Main problem with using pure soap today for laundry is modern washing machines just cannot cope. Unless froth is controlled soap creates to much of it for at least front loaders. You also will need boiling, hot or at least warm water for the washes and hot water for the first two or three rinses. Then there is the fact that soap is made from fats and oils. That residue along with scum will probably rot out modern washing machines in due time. Indeed one is sure the problem so many today have with foul smelling washing machines is a result of using liquid detergents that contain decent amounts of soap. That plus cold or lukewarm washing is a recipe for disaster to my mind.

However being as all this may laundry done in copious amounts of hot water and soaps smells dreamy, especially if line dried. Nothing to date comes close scent wise.
 
Washing Soda Was Just The Commercial Answer

To replace alkali in the from of ashes, plants, ammonia (urine)and other sources that were used in laundering/cleaning textiles and so forth. For hundreds of years housewives or anyone else doing laundry would gather up or purchase ashes that were used for laundry.

Popular methods varied but in France laundry was placed into a barrel or other container that had a small opening on top.
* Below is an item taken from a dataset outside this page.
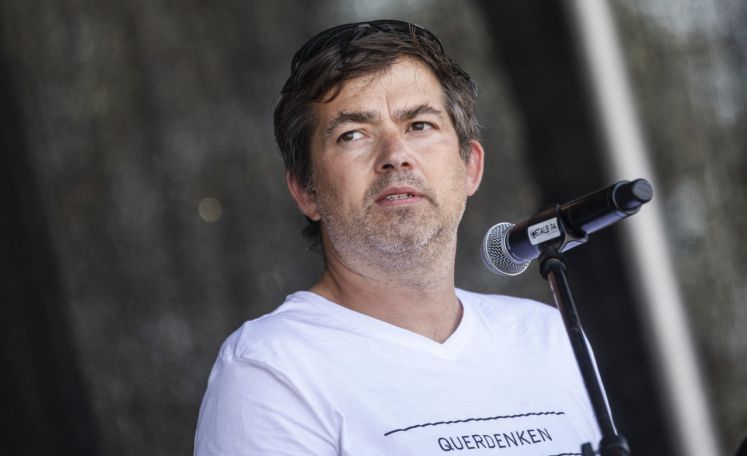 querdenken-demo-michael-ballweg-grundgesetz-reichsbuerger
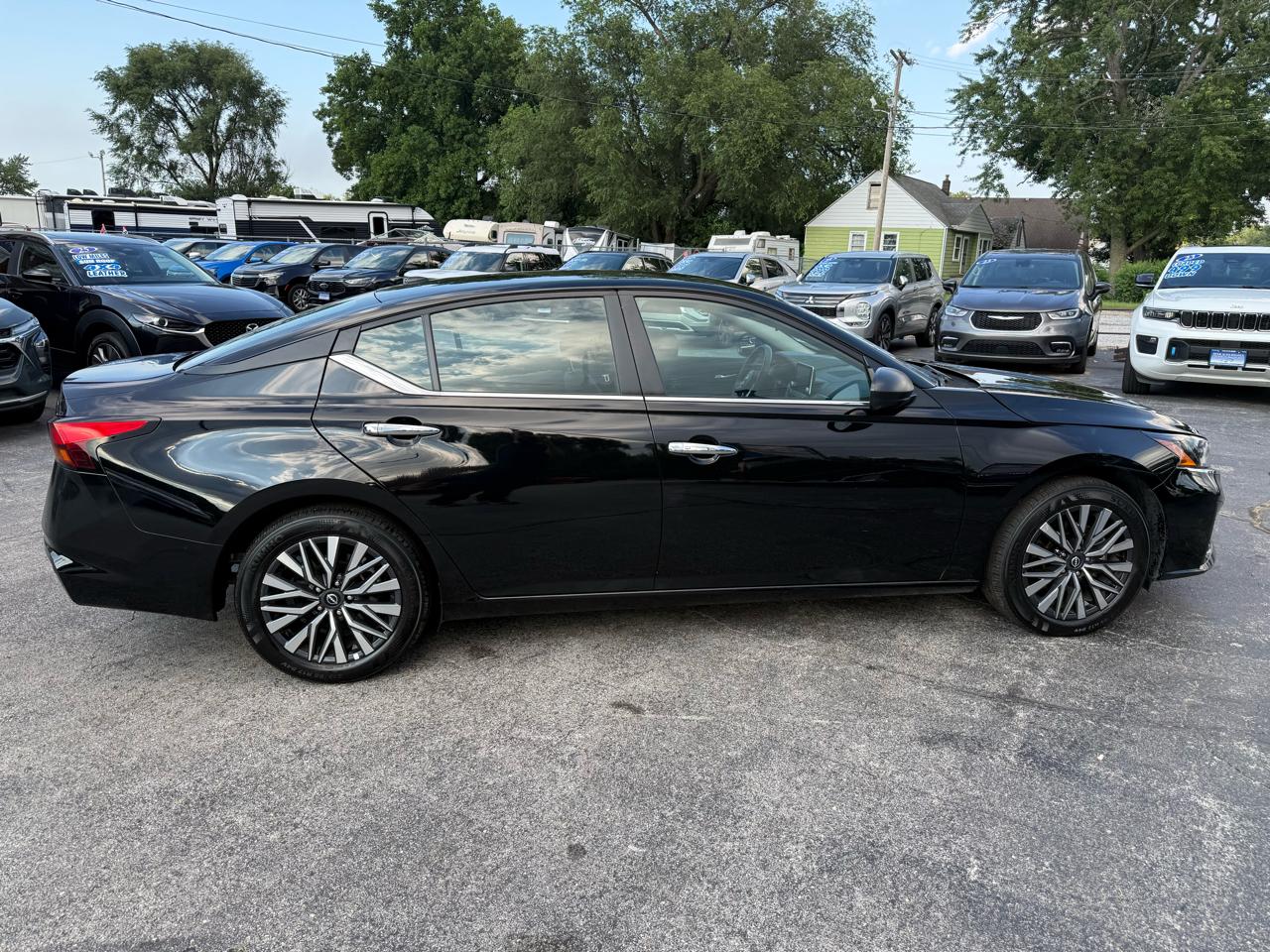 Nissan Altima 2.5 SV 2025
Then another container with a screen or what not was placed over this and filled with ashes. Water was slowly poured over the ashes and allowed to filter down and come out of the bottom. This would be repeated over and over again for a day or several at time. The alkali liberated from ashes broke down grease, oils, and soils on the textiles, if not often sooner or later the fibers themselves.

With the invention of the Solvay Process washing soda could be produced cheaply in vast amounts, thus the end of using ashes for most. However the custom would continue among those too poor and or otherwise could not have access to store bought.

Early housekeeping manuals never advised using washing soda or crystals straight for laundry. You diluted the stuff in water and measured out what was needed.

As with ashes and other forms of alkali early laundresses, housekeepers etc... realized what number washing soda could do to laundry. Thus gentler substances such as borax were employed say for baby's laundry.
 
The operative word here is

"Household"
Besides the phenol (carbolic) used as a mild antiseptic in the soap, there are the fats used to create the soap in the first place.
The fats used, determines the basic qualities and function of the soap, as well as the fat to lye ratio used in the formulation.
More than likely, this soap has all fat saponified during the manufacturing, as this is not meant for bathing. All fats saponified, also reduces residue. Something very different than a bar of Ivory Soap.
There is also the question as to whether or not the the soap is purified (sometimes called proving)
This would mean, that during manufacturing, a salt solution is added at a specific time, to remove some, if not all of the glycerine from the soap.
So... If all fat was reacted, and then purified, and carbolic acid used as part of the formula, what would be left is a very effective cleanser. More effective than we might think.
 
Well Whatever It Is The Lifebuoy Soap is O-W-T, OUT!

Packed it away and reached for a cube of French savon de Marseille from my stash. Just couldn't stand how drying the Lifebuoy/carbolic soap was to my skin. Days after using and even with body lotions skin was still cracked and dry in places.

Besides didn't quite fancy bathing in Lysol. *LOL* I mean do I offend?